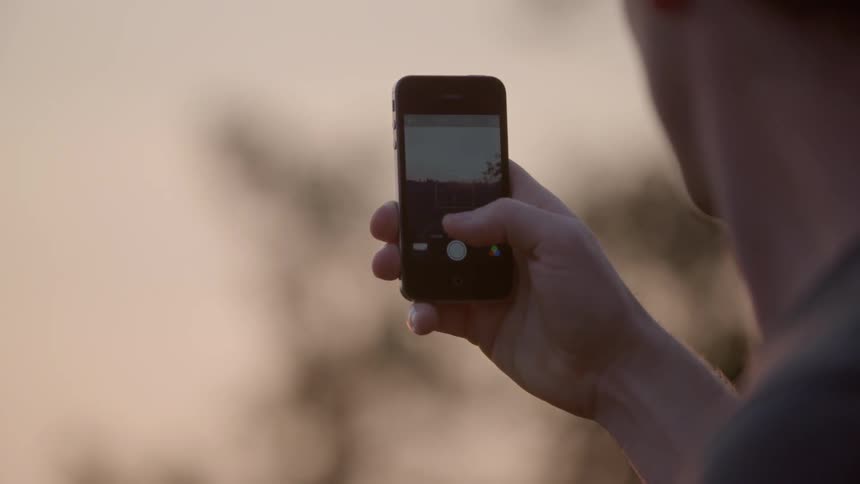 A man holding up his cell phone to take a picture
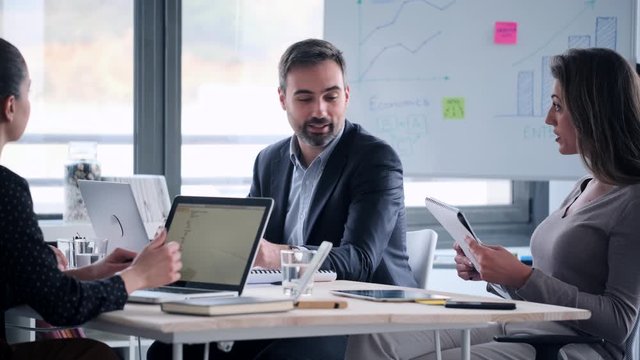 Video of business people discussing together in conference room during meeting at office.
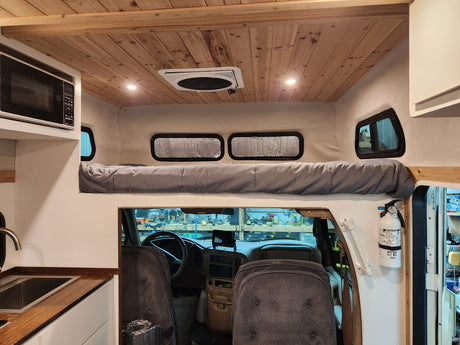 This RV rental features a cozy wooden ceiling, upper bunk bed, kitchenette, and view into the driver's cab. A fire extinguisher is visible for safety.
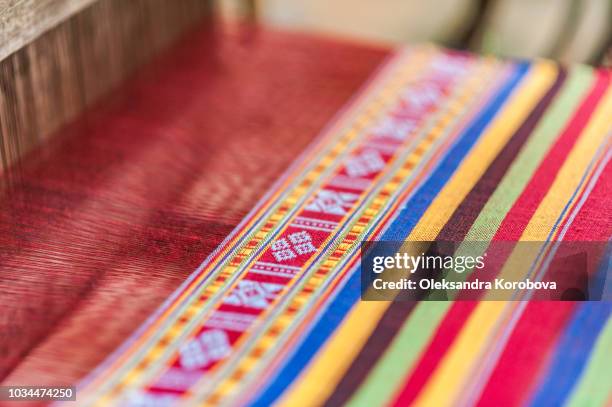 local woman diligently working at a loom, weaving colourful brocade fabric in lac village, mai chau valley, vietnam. - loom stock pictures, royalty-free photos & images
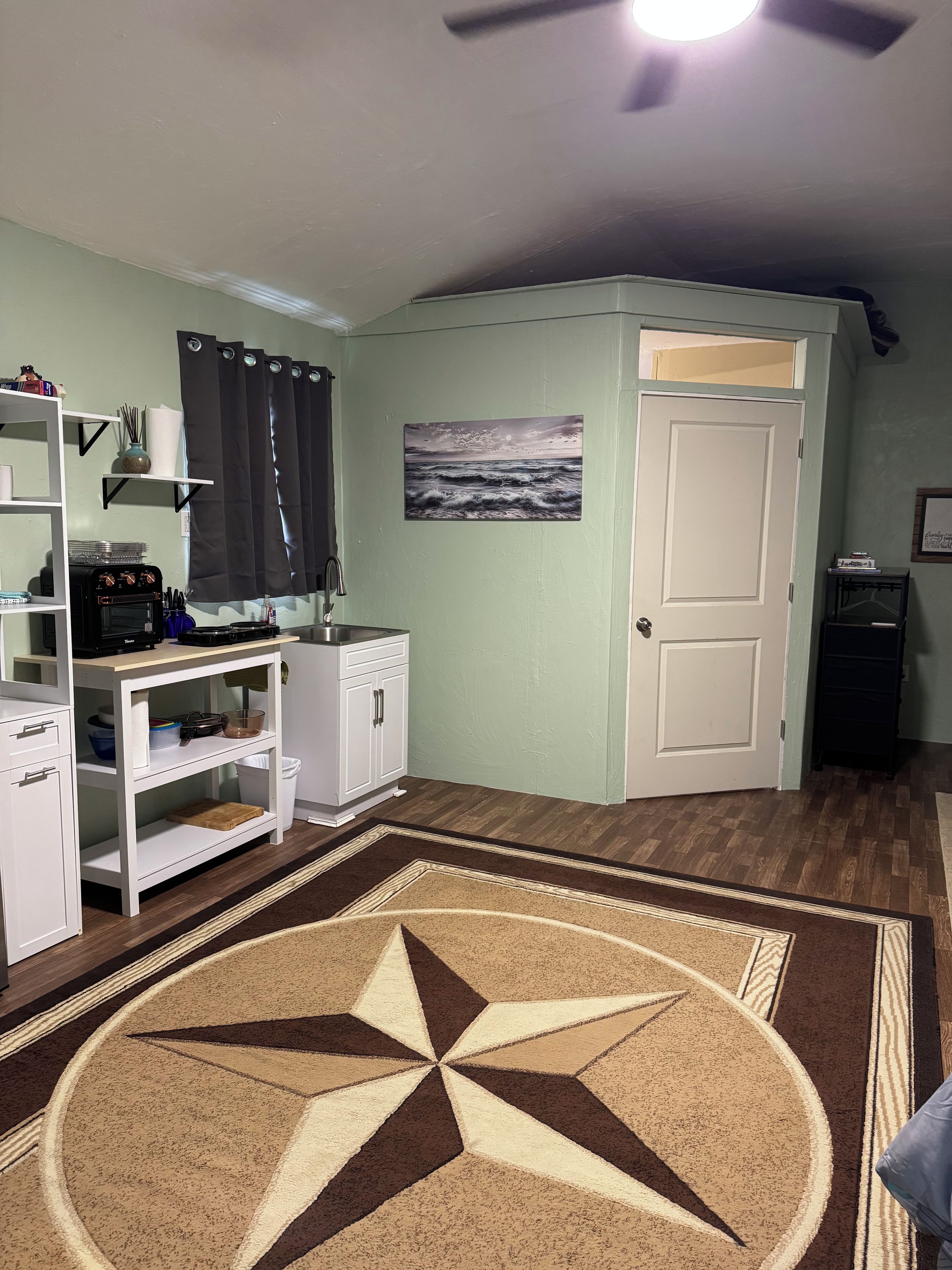 A room with a kitchen area, a white door, a painting of a seascape, and a patterned rug.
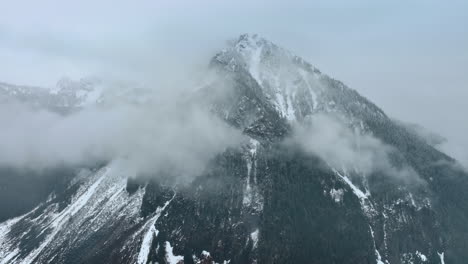 High mountain with pine-trees growing on and snow covering some parts of it. White mist coating the mount.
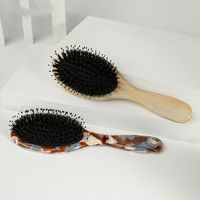 Antistatische Luftkissen-Haarbürste Oval mit Acetat-Griff und Borsten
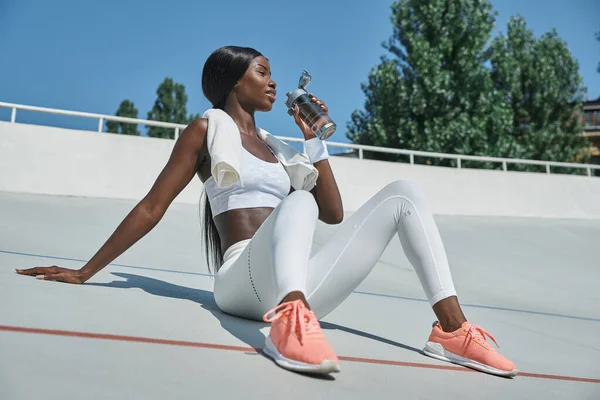 Mooie jonge Afrikaanse vrouw in sportkleding drinkwater tijdens het zitten op sportbaan buiten — Stockfoto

********

- [Problem details]: Copy exactly, and only, the lines from the line containing "Antistatische Luftkissen-Haarbürste Oval" through the final line of the material above, with no pictures.

- [Answer to the exercise]:
 Antistatische Luftkissen-Haarbürste Oval mit Acetat-Griff und Borsten
 Mooie jonge Afrikaanse vrouw in sportkleding drinkwater tijdens het zitten op sportbaan buiten — Stockfoto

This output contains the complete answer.